Zhang Yanfen, Mo Haijun
School of Architecture and Engineering, Guangdong Polytechnic of Science and Technology, Zhuhai, Zip code:519000, China.
Sengkei Engineering Company Limited, Macau, China.
Heliyon. 2024 Sep 7;10(18):e37525. doi: 10.1016/j.heliyon.2024.e37525. eCollection 2024 Sep 30.

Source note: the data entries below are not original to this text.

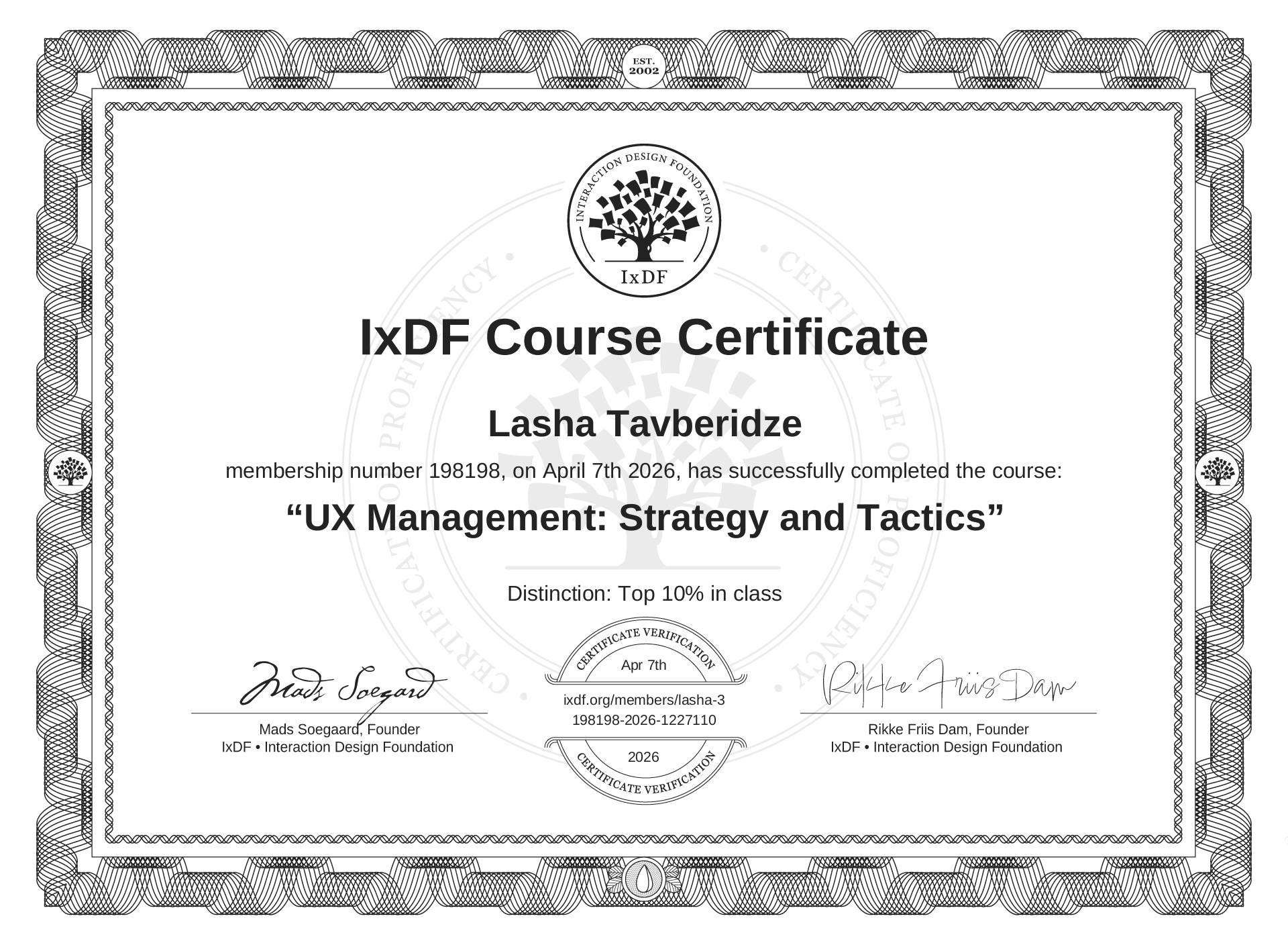 UX Management Certificate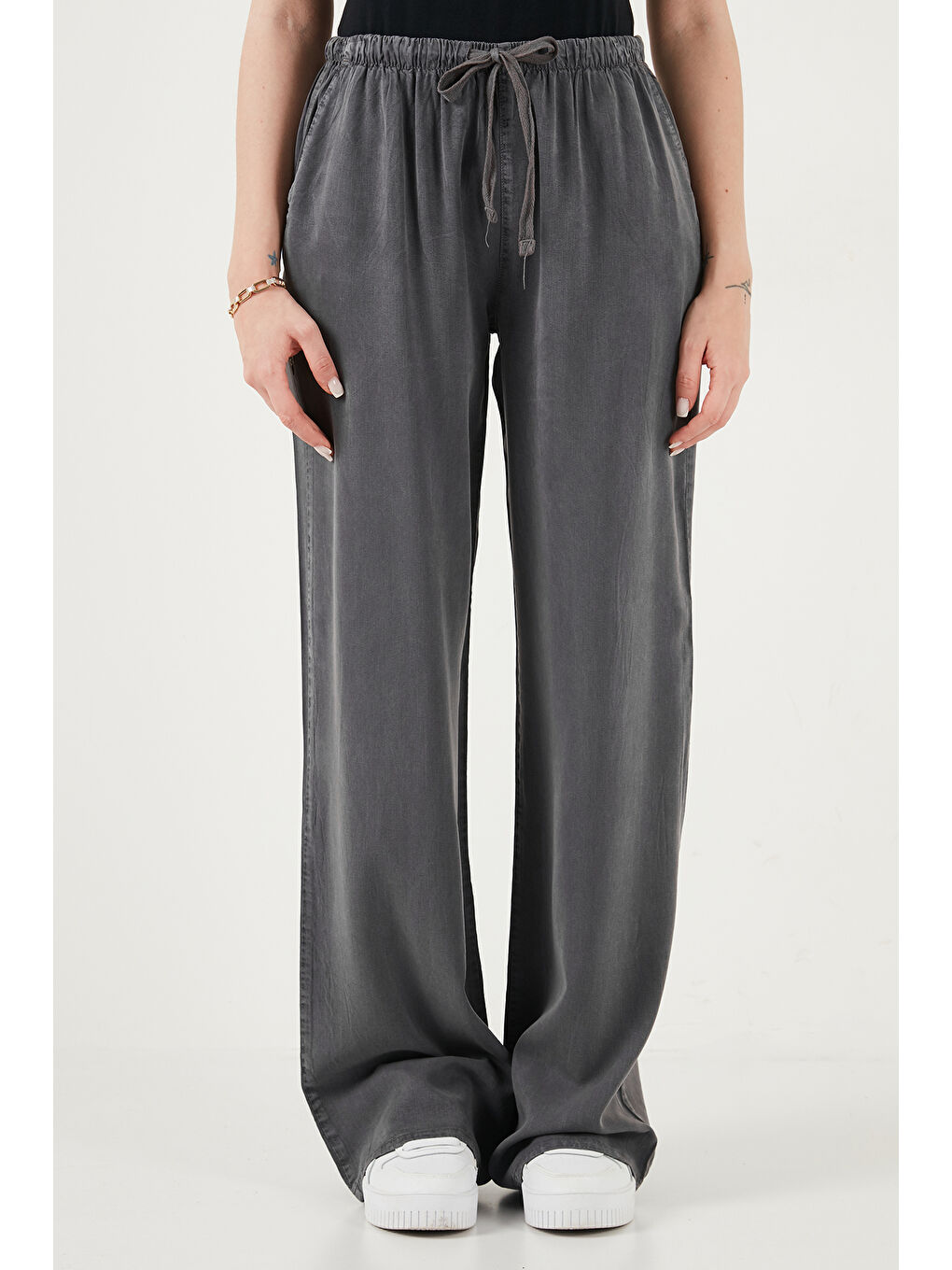 Antrasit Wide Leg Yüksek Bel Geniş Paça Kadın Pantolon 668YP5424-5
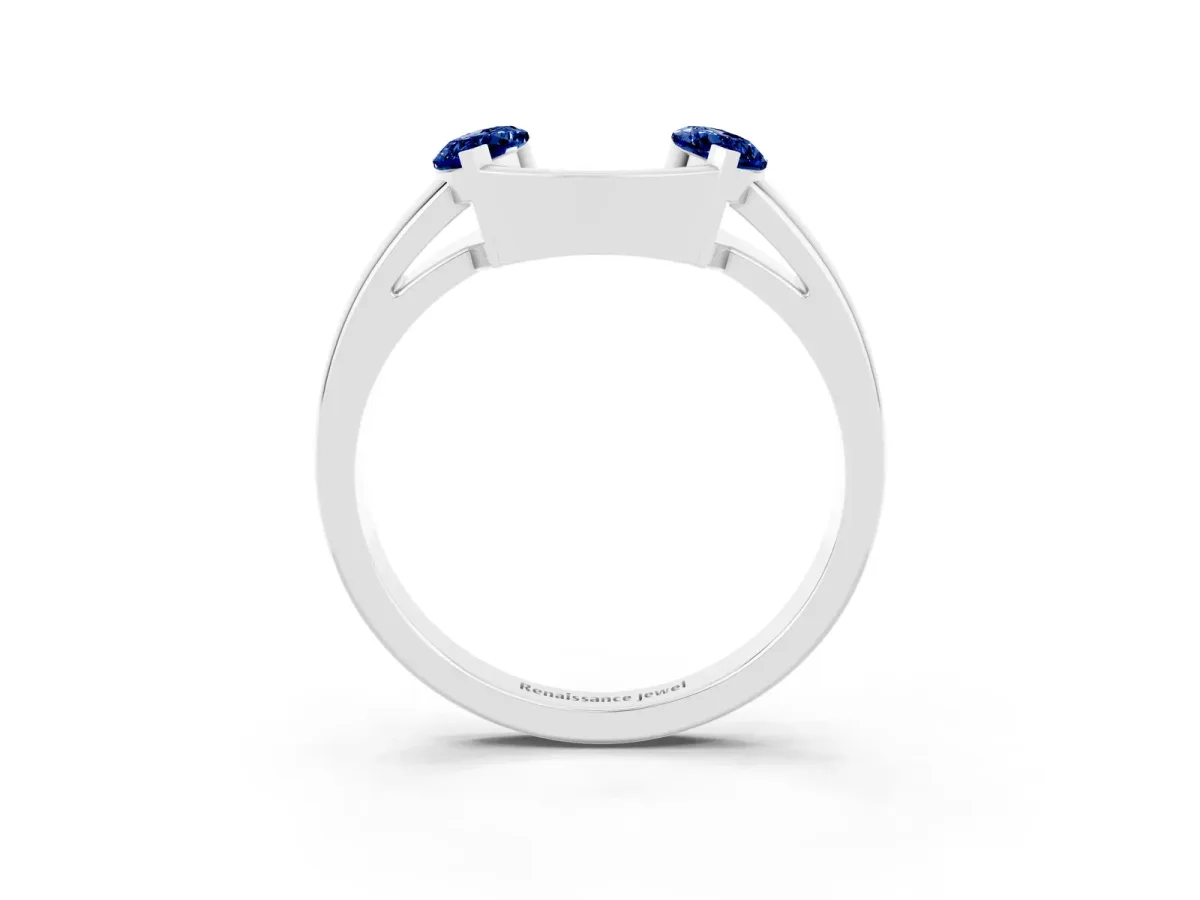 Marquise Blue Sapphire Open Band Ring with Tension Setting Platinum
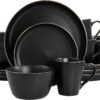 Elama Paul 16 Piece Stoneware Dinnerware Set in Matt Black with Gold Rim, Matte Black, 16 Piece Set (Arthur Paul Louis Set) - 1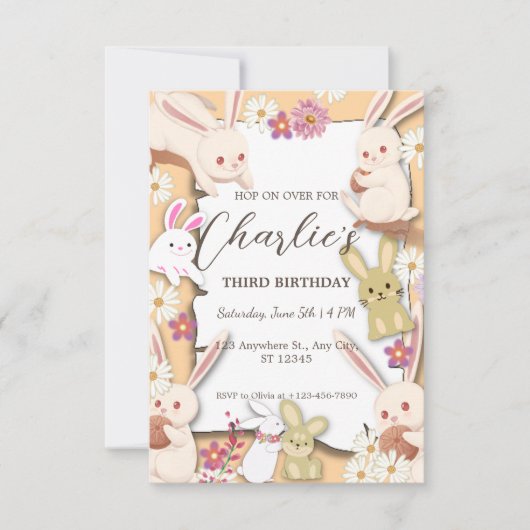 バニー誕生日による子どもの招待 招待状 (正面)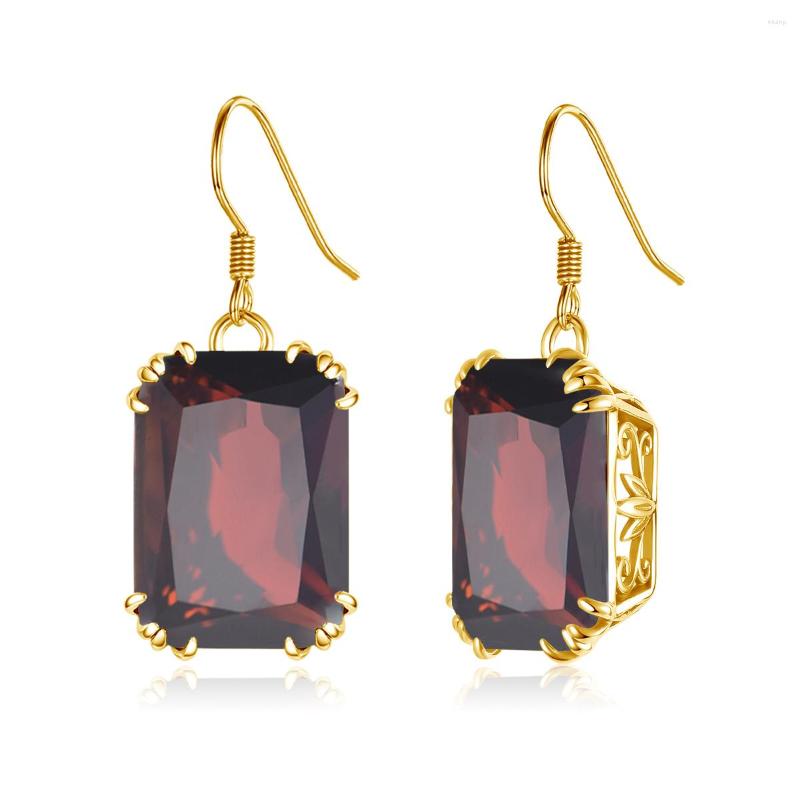 

Dangle Earrings Silver For Women Authentic 925 Sterling Gold Color Big Garnet Gemstone Unique Fine Jewelry Handmade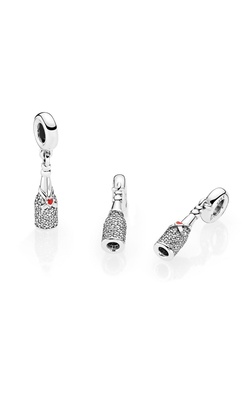 Pandora Celebration Time Dangle Charm Red Enamel & Clear CZ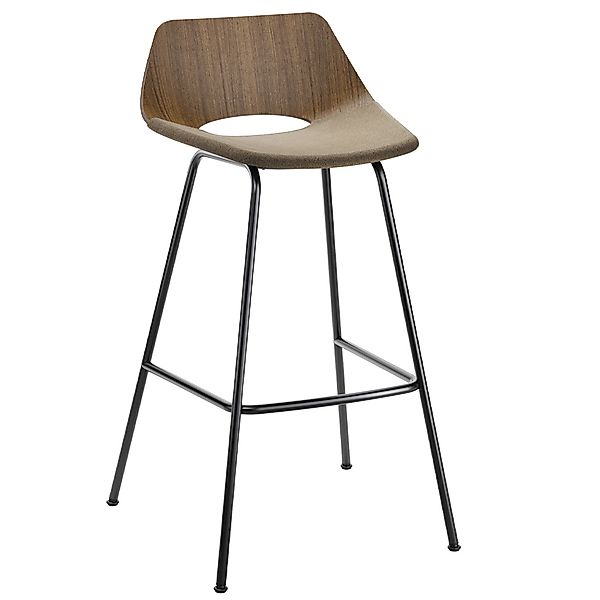 THONET S 661 SPVH Barhocker Nussbaum | Sitzfläche gepolstert | Gestell schw günstig online kaufen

This study aims to address the challenges of capturing design changes, supply chain fluctuations, and labor cost variations to improve the accuracy and real-time nature of intelligent building construction cost predictions. It seeks to accurately forecast and optimize project costs. The study innovatively constructs an intelligent building construction cost prediction model based on Building Information Modeling (BIM) and Elman neural networks (ENNs), denoted as the BIM-ENN model. The BIM-ENN model first introduces BIM technology to digitize and visualize information related to building structures, electromechanical systems, and pipelines. The digitized data obtained through BIM technology is then used as input data for the ENN, which optimizes the neural network parameters to predict and optimize intelligent building construction costs. Finally, the BIM-ENN model is experimentally evaluated. The results demonstrate that the prediction value of the construction cost of the intelligent building by this model closely matches the original information price, with a prediction accuracy of 95.83 %. Compared with the single ENN, the root mean squared error of the BIM-ENN model is less than 75, and the determination coefficient is above 0.95. This indicates that this model can explain more than 95 % of the construction cost prediction results, making it a feasible solution for actual prediction problems and achieving satisfactory results. The intelligent building construction cost prediction model reported here exhibits high accuracy and reliability. It can successfully forecast construction costs, providing robust decision support for the digitalization and intelligent development of construction enterprises. The practical significance of this study lies in providing the construction industry with an accurate cost management tool that helps enterprises optimize budget control and resource allocation, enhancing risk assessment and management capabilities. Moreover, the potential impact of the BIM-ENN model is its ability to elevate prediction standards within the construction industry, promote technological integration and innovation, enhance enterprise competitiveness, and drive the industry's transition towards digitalization and intelligent sustainable development.
本研究旨在应对捕捉设计变更、供应链波动和劳动力成本变化等挑战,以提高智能建筑工程造价预测的准确性和实时性。它力求准确预测和优化项目成本。该研究创新性地构建了一种基于建筑信息模型(BIM)和埃尔曼神经网络(ENN)的智能建筑工程造价预测模型,即BIM-ENN模型。BIM-ENN模型首先引入BIM技术,将与建筑结构、机电系统和管道相关的信息进行数字化和可视化。然后,通过BIM技术获得的数字化数据被用作ENN的输入数据,ENN对神经网络参数进行优化,以预测和优化智能建筑工程造价。最后,对BIM-ENN模型进行了实验评估。结果表明,该模型对智能建筑工程造价的预测值与原始信息价格紧密匹配,预测准确率为95.83%。与单一的ENN相比,BIM-ENN模型的均方根误差小于75,决定系数高于0.95。这表明该模型可以解释超过95%的工程造价预测结果,使其成为实际预测问题的可行解决方案,并取得了令人满意的结果。本文报道的智能建筑工程造价预测模型具有很高的准确性和可靠性。它能够成功预测工程造价,为建筑企业的数字化和智能化发展提供有力的决策支持。本研究的实际意义在于为建筑业提供一种准确的成本管理工具,帮助企业优化预算控制和资源配置,增强风险评估和管理能力。此外,BIM-ENN模型的潜在影响在于其能够提升建筑业的预测标准,促进技术集成与创新,增强企业竞争力,并推动行业向数字化和智能可持续发展转型。